# Why I am a to$$er of the highest order



## Jacomus-rides-Gen (7 Sep 2007)

I am a good cyclist, in fact I would go as far as saying very good. I train hard, I spend hours in the saddle every week, have read Cyclecraft and various other training and maintainance manuals. I work hard to claim my place as a valid road user, and have adjusted my reactionary behaviour to be more reasoned in the case of poor drivers - hoping that I can make them think about what they did next time they approach a cyclist. I respond to others who are more experienced than me and who can teach me.

Today however, I was no better than an impatient driver of the kind I faced today. I put people in direct danger through my actions.

Riding back into town I was using a busy but wide A-road, holding a strong primary position and 59km/h (36mph) descending the long hill. Five cars shouldered past me so close that I could have reached out and touched them. Then a van did the same but shouted at me to move over as he went past. Bearing in mind this road is subject to a 40mph limit, I was pretty close to it. I moved further out in the lane to protect myself from more idiots squeezing past against the oncoming flow of traffic. So the guy starts leaning on his horn, and when that does no good comes inches from my rear wheel and keeps slipping the clutch to rev his engine at me. 

By now I was not in a brilliant mood, and refused to give any ground to him. A gap opened up and he pulled next to me, gave a little swerve and shouted something (probably about me needing to ride in the gutter). I turned the air pretty blue in response. 

At the bottom of the hill, just after the road flattens out there is a ped crossing, controlled by lights, followed by a diverging of the lanes and more lights. Matey-boy who screamed at me was stuck in that queue. I was fired up and was going to give him a serious talking to whilst he was trapped in the jam, if he took issue with it, he could eat pavement as far as I was concerned.

The ped lights changed, and I thought "F**k that, I'm close, I'm not letting that guy get away." Then as people began to walk across a boy of about 6-8 or so ran ahead of the crowd. 

I sh@t myself and went into a full on emergency stop and everything went slow motion. I was on a line that was taking me diagonally to the right, basically an intercept course for this kid as he was running L->R. I knew I would hit him if I didn't do something, but was braking so hard my back wheel was skipping. 

I let go of the brakes, shouted "BIIIIIIIIIIIIIIIIIIIIIIKE" as loud as possible, to make the peds freeze (its a tried and tested method for peds stepping into the road without looking), pulled the bike in left to cut behind the boy, avoiding him. I didn't hit the kid, but I clipped a ped with my left arm, really hard. I nearly lost control but got back on the brakes and stopped.

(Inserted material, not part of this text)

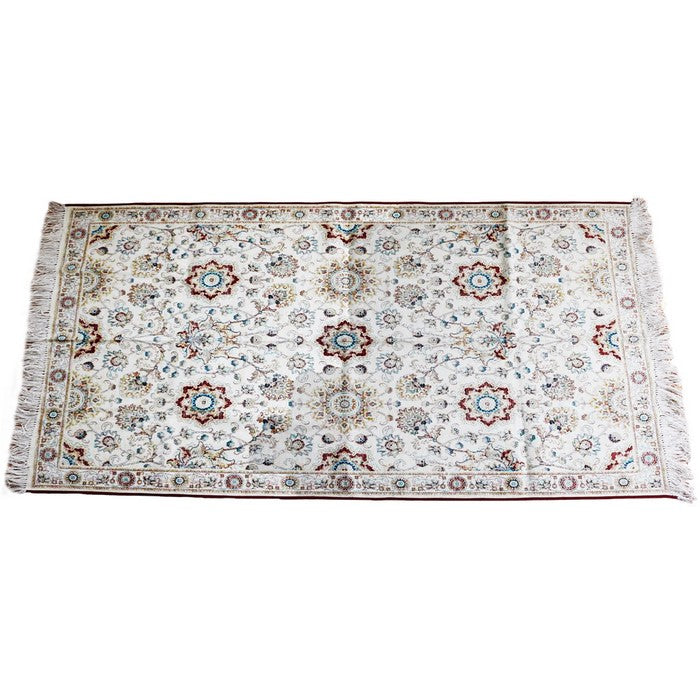 Handwoven Cotton Dhurrie Rug with Fringes and Floral Prints, Multicolor
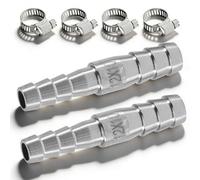 Lot de 2 raccords de tuyau en acier inoxydable 304 - Raccord de tuyau barb à 2 voies - 12 x 10 mm - 12 mm x 10 mm - Raccord de tuyau réducteur - Adaptateur barbelé - Pour eau, air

The gent was lying in the road, just sitting up as I went back. A few peds tutted at me and one younger man stopped to help the gent back to his feet after he had brushed my hand away. I tried to stammer out an apology, but he took charge and told me to get onto the pavement. 

He then proceeded to give me a very lengthy and heated telling off, in a very dignified and fatherly way. I could do noting but stammer out "I'm so sorry" over and over like a robot. What else could I say? What I did was indefensible.

I have written this because I am truly very sorry for this stupid act, and though he will not see this, what I say next still counts.

I let anger affect my riding, and by doing that I endangered both the people around me and myself. I feel sick now thinking about what might of happened to the little boy if I had hit him, or the gent if I had hit him square on instead of just clipping him. Looking at the time now, and that this is keeping me awake, I am going to have a rubbish day tomorrow starting in 3 hours time when I get up. A day I fully deserve.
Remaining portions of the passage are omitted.